## HOW TO COMPLETE THIS TASK
Take the data below and copy exactly the lines starting at the one with "Hot Selling Disposable" and finishing at the one with "Expert Egg Funny", both included.

Short descriptive text snippets:
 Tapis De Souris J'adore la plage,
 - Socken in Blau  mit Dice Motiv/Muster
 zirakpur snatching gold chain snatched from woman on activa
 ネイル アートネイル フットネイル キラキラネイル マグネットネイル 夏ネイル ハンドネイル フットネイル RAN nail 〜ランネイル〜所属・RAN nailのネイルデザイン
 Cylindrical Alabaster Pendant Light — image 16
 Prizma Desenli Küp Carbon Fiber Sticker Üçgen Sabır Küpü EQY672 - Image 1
---
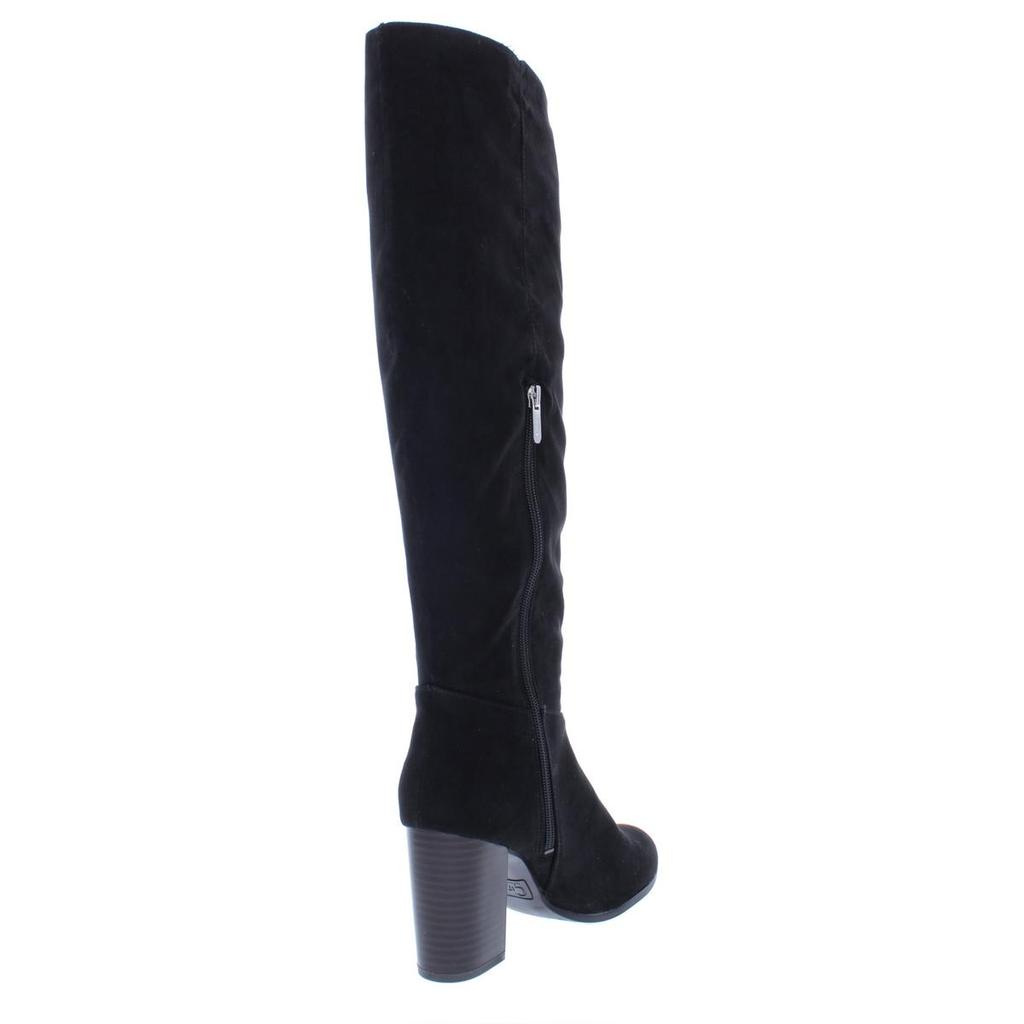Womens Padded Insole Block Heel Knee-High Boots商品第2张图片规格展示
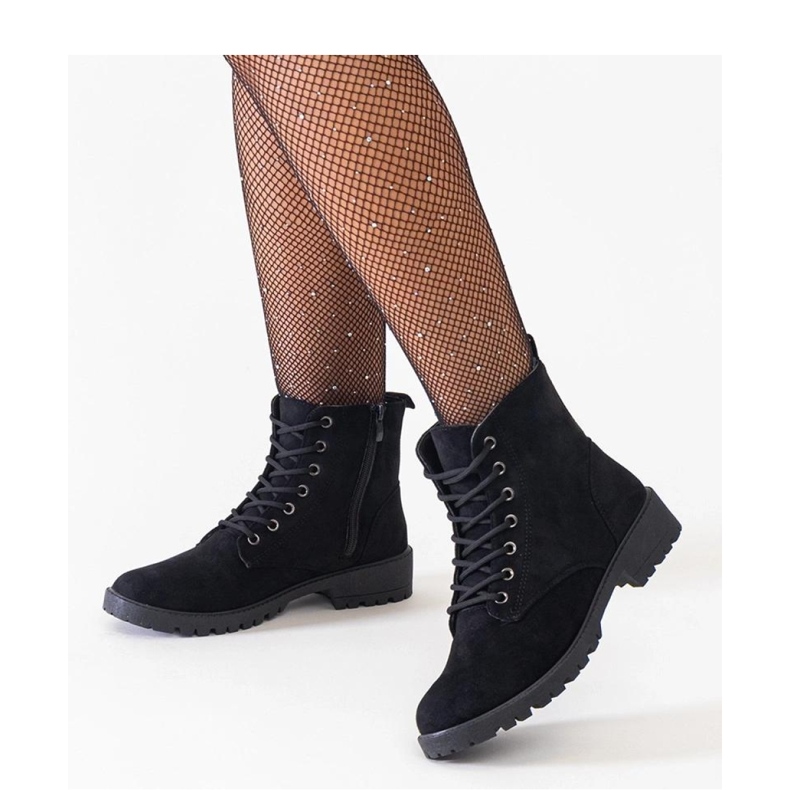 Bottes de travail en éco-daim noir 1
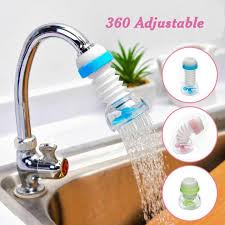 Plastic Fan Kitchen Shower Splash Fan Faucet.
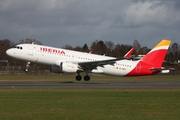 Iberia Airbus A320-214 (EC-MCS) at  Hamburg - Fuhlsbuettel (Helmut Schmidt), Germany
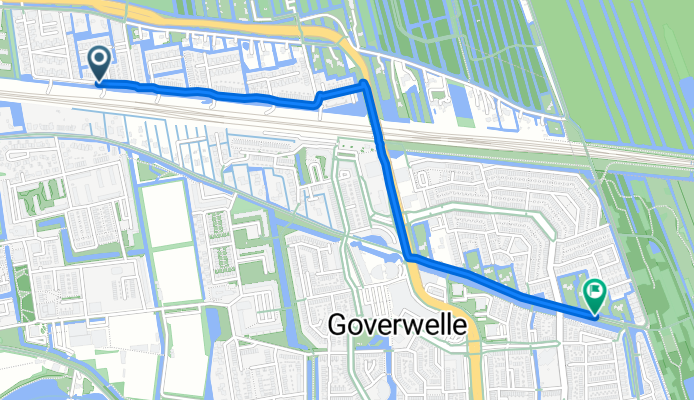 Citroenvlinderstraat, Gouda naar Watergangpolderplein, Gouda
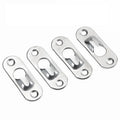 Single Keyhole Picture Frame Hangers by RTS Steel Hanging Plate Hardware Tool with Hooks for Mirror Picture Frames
==
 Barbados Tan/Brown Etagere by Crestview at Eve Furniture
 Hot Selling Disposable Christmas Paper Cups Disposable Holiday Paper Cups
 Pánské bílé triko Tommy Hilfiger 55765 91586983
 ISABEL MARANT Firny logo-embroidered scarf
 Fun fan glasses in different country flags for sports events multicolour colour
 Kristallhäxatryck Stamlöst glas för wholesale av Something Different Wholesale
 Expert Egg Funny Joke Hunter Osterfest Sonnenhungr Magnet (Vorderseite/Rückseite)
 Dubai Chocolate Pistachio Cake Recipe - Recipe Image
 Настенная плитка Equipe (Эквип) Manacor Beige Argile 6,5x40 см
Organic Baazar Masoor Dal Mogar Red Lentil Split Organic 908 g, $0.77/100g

## RESULT OF THIS EXERCISE
 Hot Selling Disposable Christmas Paper Cups Disposable Holiday Paper Cups
 Pánské bílé triko Tommy Hilfiger 55765 91586983
 ISABEL MARANT Firny logo-embroidered scarf
 Fun fan glasses in different country flags for sports events multicolour colour
 Kristallhäxatryck Stamlöst glas för wholesale av Something Different Wholesale
 Expert Egg Funny Joke Hunter Osterfest Sonnenhungr Magnet (Vorderseite/Rückseite)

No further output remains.